Kendala lainnya, lanjut dia, ketika memasuki tahun 2017 ada penambahan dan pengurangan dinas di Kabupaten Abdya. Proyek pasar modern yang dulunya dipegang oleh Dinas Pekerjaan Umum beralih pada Dinas Perkim dan LH.

“Saat pergantian, kurang lebih tiga bulan kami tidak tau siapa induk semangnya. Ketika kami mengajukan surat, mereka berdalih belum dilantik dan belum memiliki SK hingga bulan April baru jelas dinasnya,” ujarnya.

Meskipun tidak ada kejelasan dinas, pihak rekanan waktu itu mengaku terus melanjutkan pekerjaan hingga mengajukan progres pada tanggal 30 Mei 2017 dengan harapan pihak Dinas Perkim mengeluarkan uang termin untuk kelancaran pekerjaan pembangunan proyek itu.

“Ternyata ketika saya hubungi,  PPK beralasan belum ada arahan dari atasannya sampai dengan sekarang. Dan surat saya itu hingga kini tidak ada penjelasan kenapa tidak dibayar. Jadi, saya merasa terzalimi,” ungkapnya.

Meskipun demikian, Henry berharap Dinas Perkim khususnya PPK untuk segera mencarikan solusi dan mencairkan dana termin tersebut sekaligus melakukan penambahan waktu untuk menyelesaikan pekerjaan proyek pasar modern itu.

“Jika tidak dicairkan juga bulan ini, berarti sudah ada yang tidak baik di dinas itu, dan lebih baik kita selesaikan saja persoalan ini di pengadilan. Saya akan melaporkan pada Kejaksaan dan kami sudah siap tentang itu,” ungkapnya.

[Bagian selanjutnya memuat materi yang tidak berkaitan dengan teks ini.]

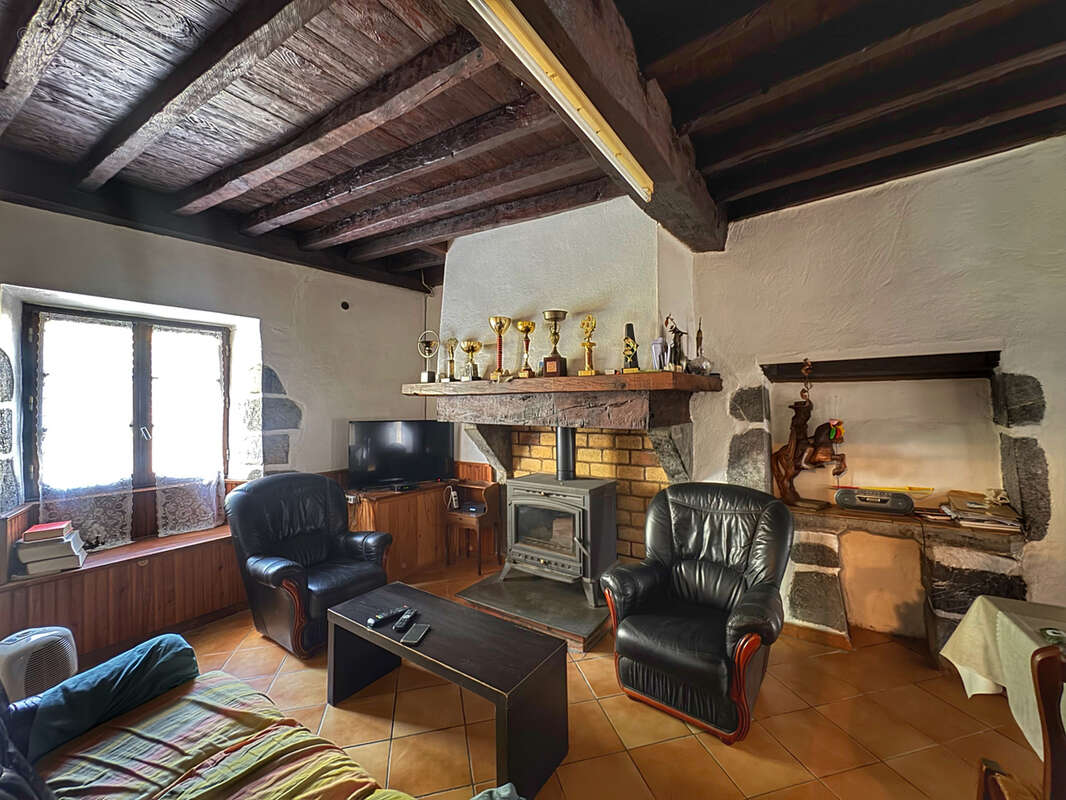 Maison à SAINT-JEAN-PIED-DE-PORT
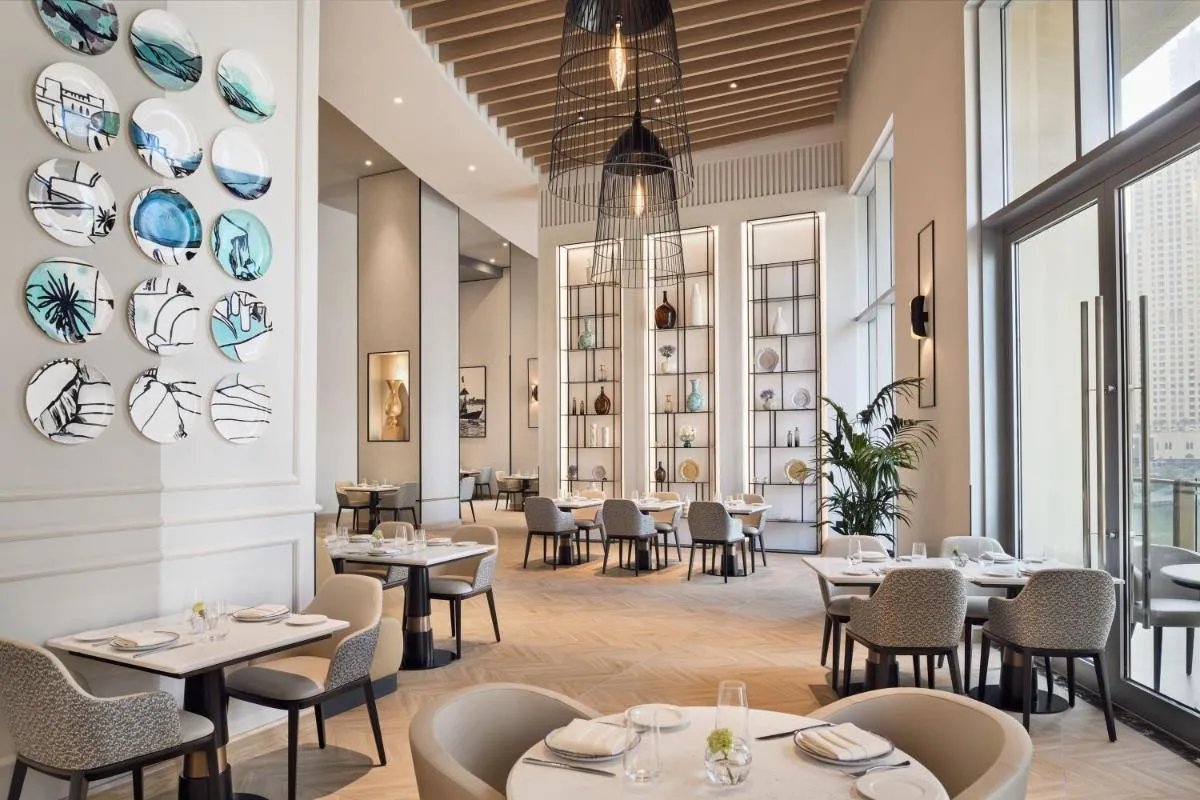 Image 1 of JW Marriott Hotel Marina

Pejabat Pembuat Komitmen pada Dinas Perkim dan LH Abdya, Musliadi membenarkan kalau pihaknya ada memberikan surat penghentian pekerjaan sementara pada pihak rekanan dengan tujuan proyek pembangunan pasar modern itu untuk dilakukan audit oleh Badan Pemeriksa Keuangan (BPK) sebagaimana permintaan Kepala Dinas Perkim dan LH.

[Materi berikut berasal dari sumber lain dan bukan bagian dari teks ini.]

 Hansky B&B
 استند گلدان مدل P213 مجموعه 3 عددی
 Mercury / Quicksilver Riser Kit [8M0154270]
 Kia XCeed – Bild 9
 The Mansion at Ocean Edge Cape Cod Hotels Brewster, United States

Kemudian, lanjut dia, setelah dikonsultasi dengan pihak BPK di Banda Aceh, ternyata menurut BPK, audit tidak bisa dilakukan karena proyek itu masih dalam tahap pekerjaan dan sudah disampaikan pada rekanan secara lisan untuk melanjutkan kembali pekerjaan.

“Kalau rekanan mempersolkan surat itu, mereka juga salah. Karena, sebelum saya katakan secara lisan, aktifitas pekerjaan tetap jalan seperti biasa. Tapi kalau mereka menghentikan pekerjaan itu saya akui karena kelalaian saya selaku PPK karena tidak menyurati kembali,” tuturnya.

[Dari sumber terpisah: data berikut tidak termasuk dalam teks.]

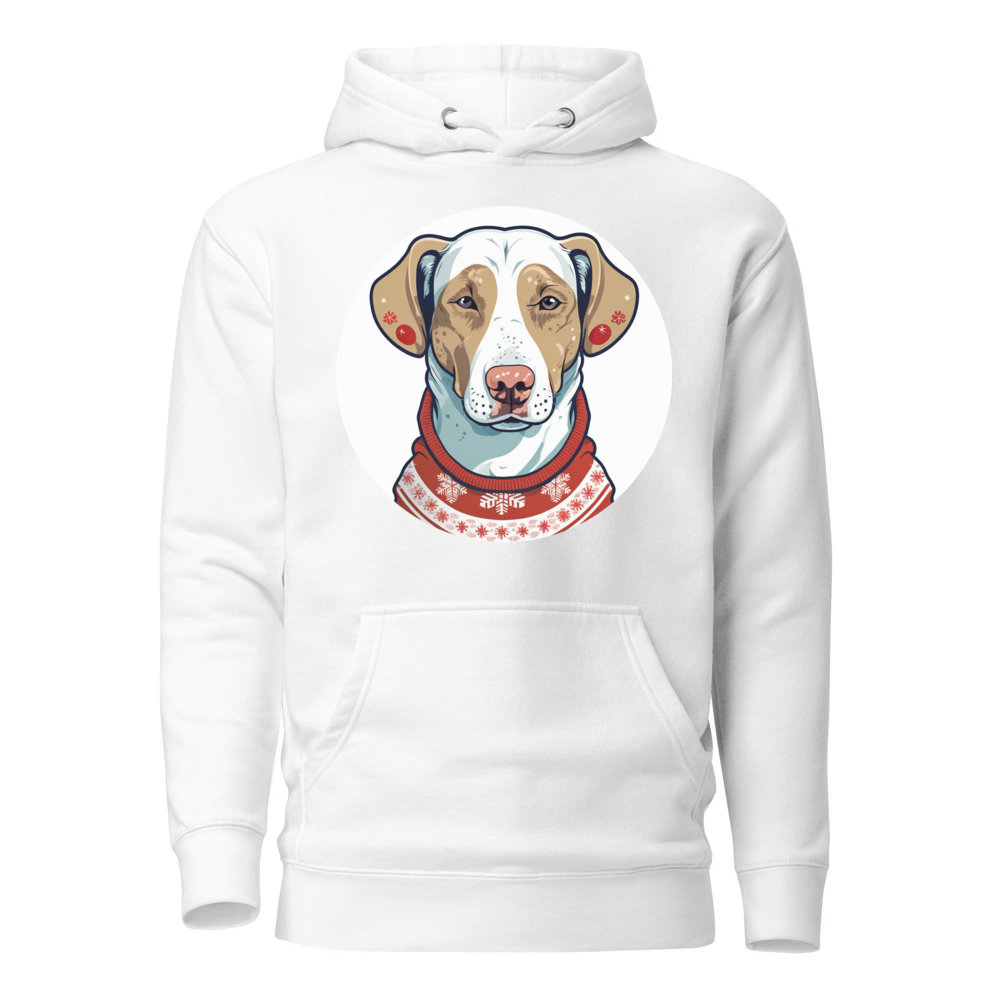 PugMug Custom Penny Hoodie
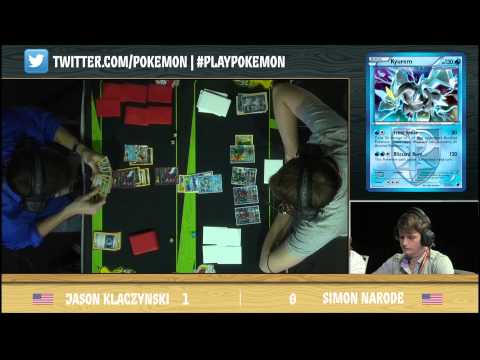 TCG Worlds 2013 — Masters finals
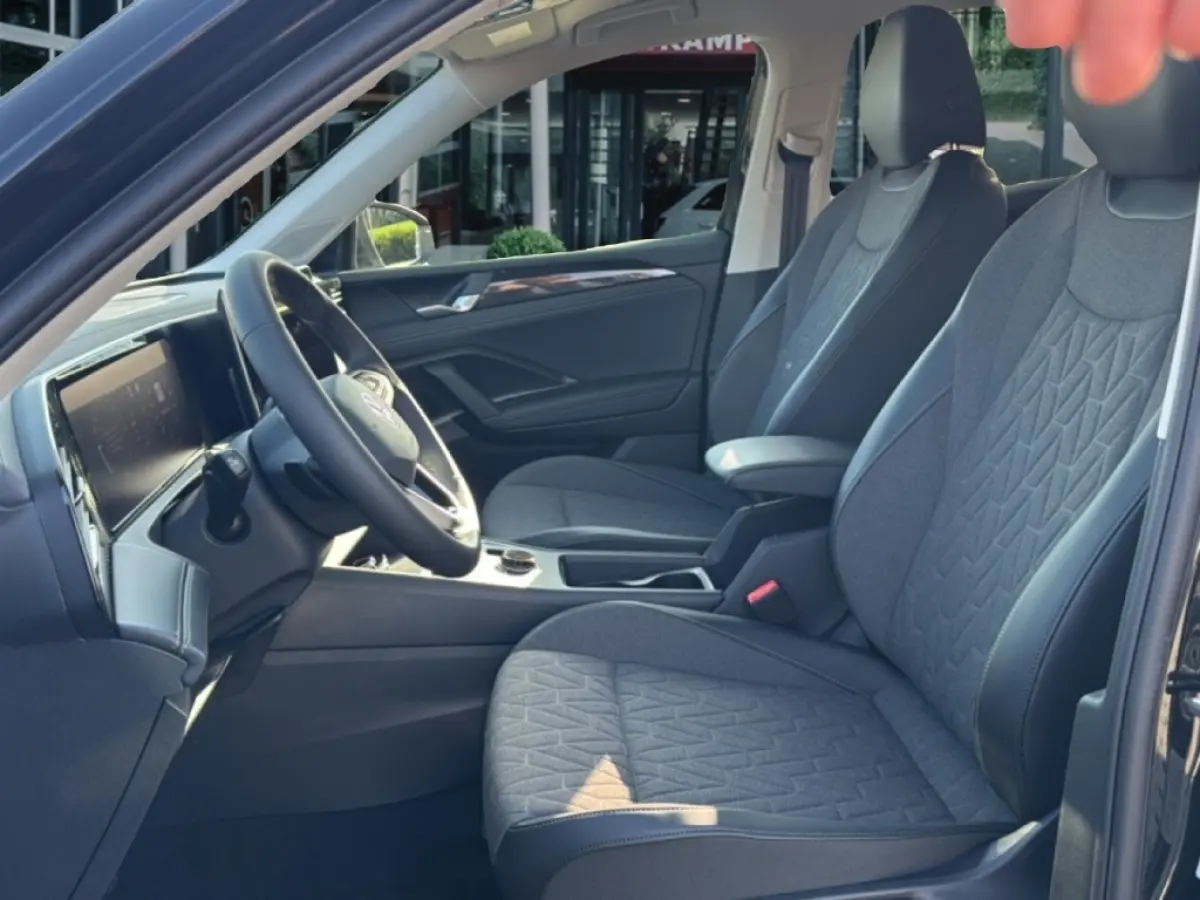2.0 TDI LIFE TREKHAAK/360-CAMERA/ELEK-KLEP/ACC/STOEL+STUURVERW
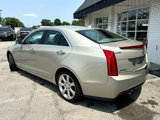 Used 2013 Cadillac ATS 2.0T AWD Sedan image 5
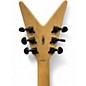 Used Dean Cadi X Black Solid Body Electric Guitar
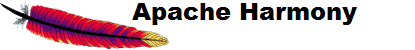 Apache Harmony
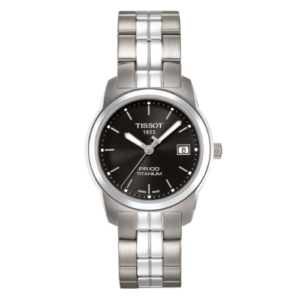 Đồng Hồ Tissot Chính Hãng Nữ T049.310.44.051.00 T0493104405100 Titan PR 100 Lady Watch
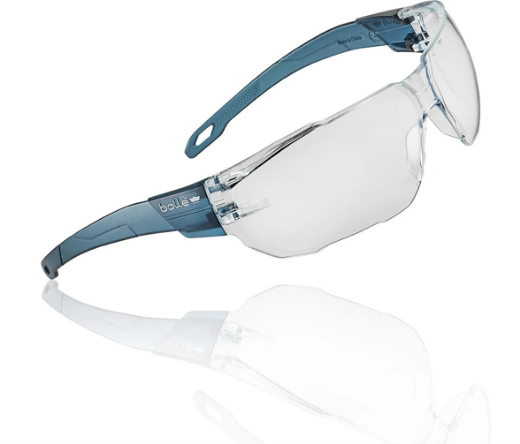 Picture of SWIFT PLATINUM Lite ASAF Clear PC Blue/Clear
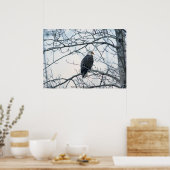 ontevreden poster (Keuken)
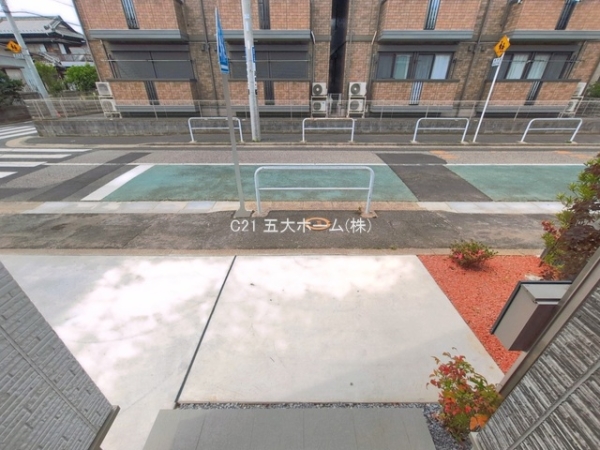 松戸市新松戸６丁目の新築一戸建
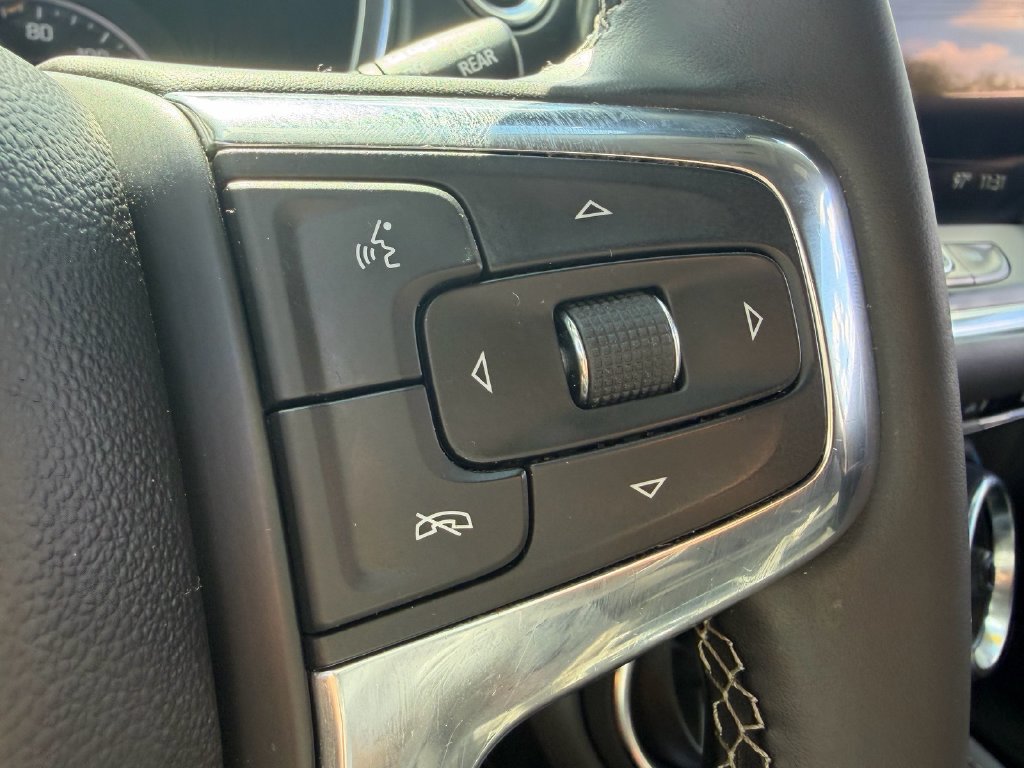 Certified 2024 Chevrolet Blazer LT w/ LPO, Sport Package FWD image 31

Musliadi mengaku tidak pernah berniat untuk menghambat pekerjaan proyek itu, hanya saja progres termin yang diajukan pihak rekanan belum dapat dicairkan karena berkas yang diserahkan pada dinas belum memenuhi persyaratan untuk proses pencairan.

“Seharusnya rekanan mengerti, kami sudah memberikan kesempatan pada mereka untuk mengejar progres, tapi mereka lalai. Jadi, kalau kita lihat dari kemajuan pekerjaan sejak dulu sudah harus diputuskan kontrak. Mereka seharusnya mengerti kenapa tidak diberikan termin itu,” katanya.